My research interests are GPU-inspired throughput-oriented parallel architectures, quantum computers and emerging computer architectures in general. My primary focus is on computer architecture and compiler issues. I am also interested in software optimization and computer arithmetic.
INRIA – Centre de recherche Rennes – Bretagne Atlantique
Campus de Beaulieu
35042 RENNES Cedex
E-mail: caroline.collange [at] inria.fr
I aim at improving both the efficiency and the programmability of throughput-oriented processors through architecture changes and compiler techniques.
Compiler optimization for quantum computers
The first generation of usable quantum computers is now a reality.
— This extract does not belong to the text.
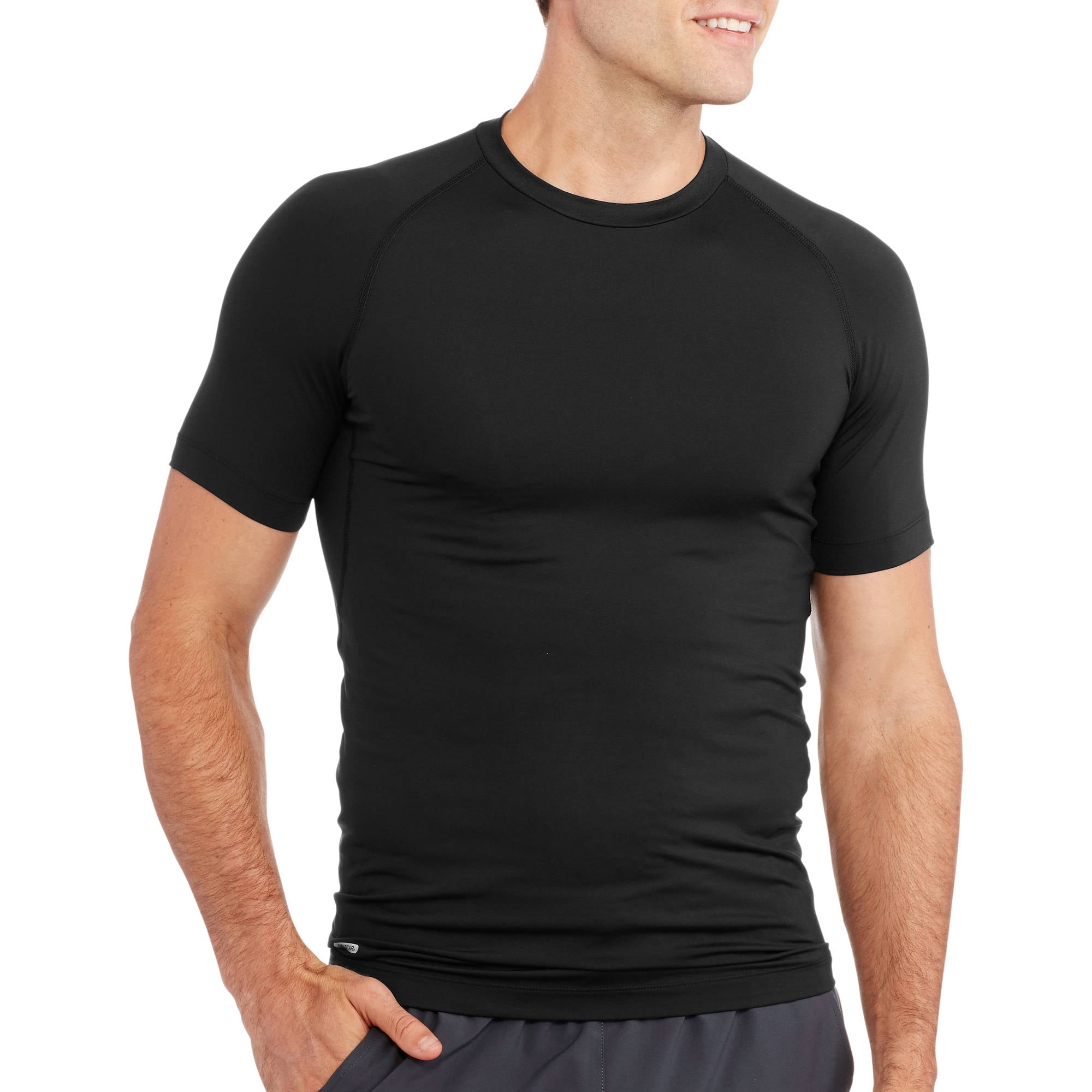 walmart dri fit t shirts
It enables experimental computer science in the quantum computing research field.
We propose compiler analyses and transformations to optimize quantum programs for existing and near-term quantum computers. With only a few tens or even hundreds of qubits, these computers are still too small to afford general error correction techniques. Instead, software and compilers have to cope with noise. Compiler optimization is critical, not only to minimize the time to solution, but more importantly to maximize the accuracy of results.
- Qubit allocation is the process of mapping the logical qubits of quantum programs into physical qubits following hardware constraints. It is the quantum equivalent of register allocation. Our CGO 2018 paper formally introduces the qubit allocation problem and provides an exact solution to it. This optimal algorithm deals with the simple quantum machinery available today; however, it cannot scale up to the more complex architectures scheduled to appear. Thus, we also provide a heuristic solution to qubit allocation, which is faster than the current solutions already implemented to deal with this problem.
General-purpose SIMT: bridging the gap between SMT CPU and SIMT GPU architectures
I design hardware schemes that allow the execution of existing scalar instruction sets on GPU-like architectures. Existing mechanisms that perform dynamic vectorization in the Single Instruction Multiple Thread (SIMT) model on current GPUs rely on explicit annotations in the instruction set, and hardware-based stack structures. I have shown an alternative constant-space mechanism could enable SIMT execution on conventional scalar instruction sets. It allows individual threads to be managed, suspended, resumed or migrated independently, lifting the main barrier separating SIMT architectures from general-purpose multithread processors.
My ongoing research along this direction includes:
- DITVA: Dynamic Inter-Thread Vectorization.
DITVA starts from an SMT in-order core and incorporates SIMT an execution mode, retaining full compatibility with existing SPMD binaries.
SBAC-PAD 2016 paper.
- Simty: General-Purpose SIMT made simple.
Simty is an open-source fully-synthesizable RTL design of a general-purpose SIMT core implementing the RISC-V instruction set. Simty aims at defining the RISC of general-purpose SIMT: a streamlined resource-efficient SIMT pipeline suitable as the building block for highly scalable, easy-to-program parallel architectures.
Enabling composable, safe and efficient warp-synchronous SIMD programming on SIMT GPUs
Warp-synchronous programming has evolved from an obscure programmer trick to a common programming technique to express explicit SIMD
computations in CUDA or OpenCL programs, supported by new hardware primitives like warp vote and shuffle instructions.
Warp-synchronous programming is extensively used in highly-tuned libraries like CUB.
However, warp-synchronous programming still lacks clearly defined semantics, documentation, and vendor support, and its use raise code composability issues.
I seek to document warp-synchronous patterns and propose light-weight compiler extensions to improve expressivity and code composability.
- Warp-synchronous programming: SIMD algorithms on SIMT hardware.
Tutorial on warp-synchronous programming with CUDA 9: Warp-synchronous programming with Cooperative Groups.
- Lightweight Dynamic Parallelism.
Low-footprint runtime and architecture support for small-scale nested and transposed parallelism calls.